Thu, 13 Jul 1995

Right move on Vietnam

America is well served by President Clinton's decision to normalize relations with Vietnam. From commercial competition to the defense of human rights in Vietnam, from the search for American remains to Pacific defense strategy, United States interests can only benefit.

So can America itself. The rancorous divisions of the Vietnam War still ripple through the political life of the country 20 years after Saigon fell and the last U.S. helicopters lifted off the embassy roof with desperate Vietnamese clinging to them. Washington's motives for fighting in Vietnam were terribly flawed, and 58,000 Americans paid for the arrogance and ignorance with their lives.

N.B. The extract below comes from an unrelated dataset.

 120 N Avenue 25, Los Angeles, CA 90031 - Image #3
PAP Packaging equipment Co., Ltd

Some political leaders, like Senate Majority Leader Bob Dole, still seem eager to fight old battles, threatening to do whatever they can to block Clinton's decision.

Others, most notably Sen. John McCain, who spent five hellish years as a prisoner of war, have joined with Clinton to move America beyond the war.

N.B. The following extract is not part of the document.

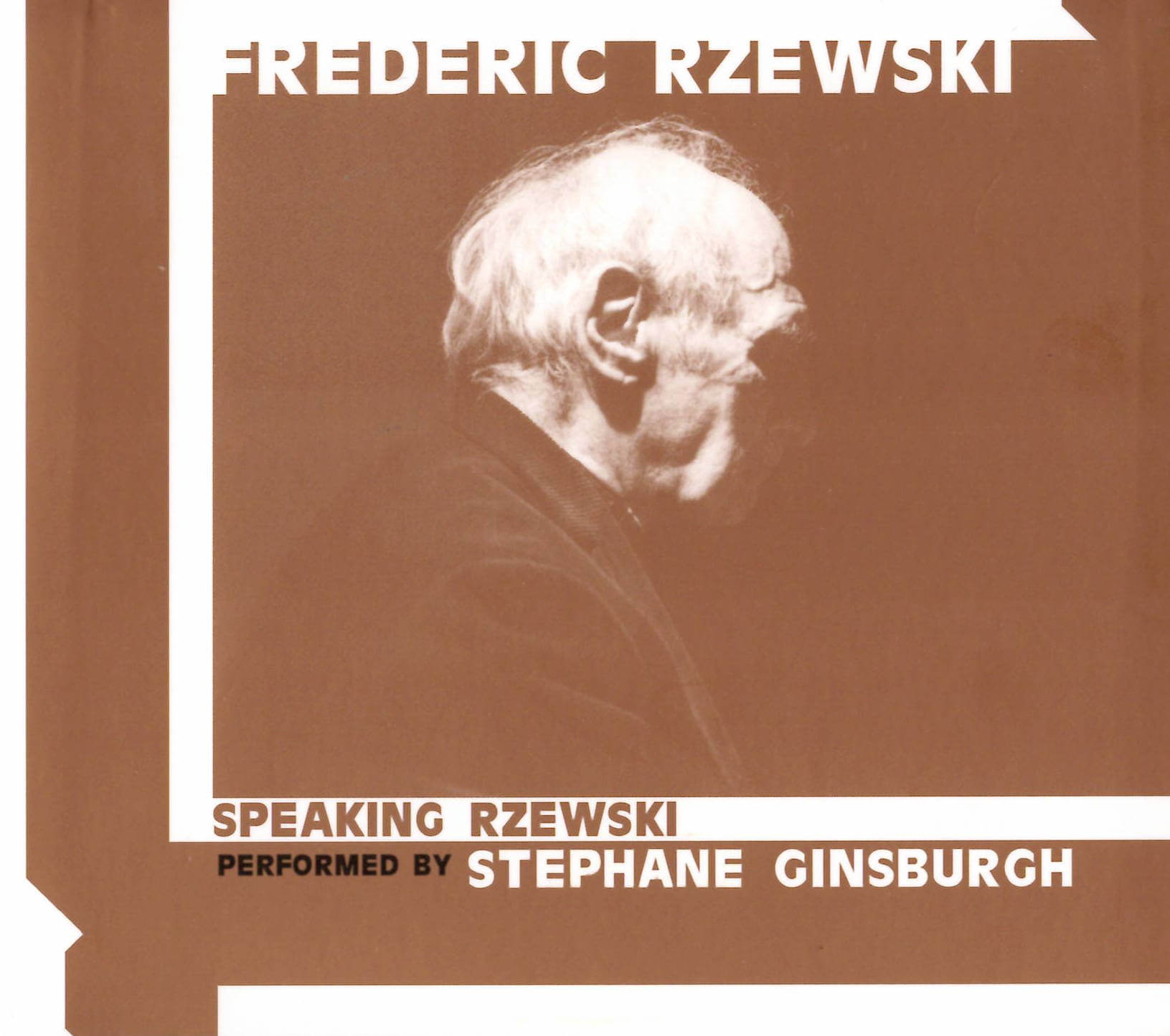 speaking-rzewski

Getting to normalization has been difficult. For many years, the country was simply not ready to accept the defeat, America's first in a foreign war.

Early efforts during the Carter administration were thwarted by Vietnamese dogmatism, fears of antagonizing China and finally, Vietnam's 1978 invasion and occupation of Cambodia.

When those occupation troops withdrew a decade later, normalization had become further entangled in domestic politics. The families of the 2,202 Americans listed as missing in action in the Vietnam War insisted that Vietnam provide an accounting of each case.

Most of those listed disappeared in combat and were unlikely to have survived. The Pentagon lists a much smaller number of "discrepancy cases" -- servicemen last seen alive and on the ground, but still not accounted for. Vietnamese cooperation has helped reduce this number from around 200 in the late 1980s to 55 today.

Vietnam's human rights record remains poor, but normalized relations can potentially be a lever for progress. Secretary of State Warren Christopher should insist on improvement when he visits Vietnam next month.

There is already an effort to discredit Clinton's decision by suggesting that someone who avoided the draft is unfit to make a final peace with Vietnam.

That is wrong. Clinton dissembled about his draft record during the 1992 campaign, but that is not the issue here. Opposition to the war was an honorable cause, shared by millions of Clinton's countrymen. Those who stood against the war are no less suited than those who served in Vietnam to establish diplomatic ties with Hanoi.

Thanks to Clinton's action Tuesday, the pain of America's past in Vietnam no longer bars the way to a productive relationship with Hanoi.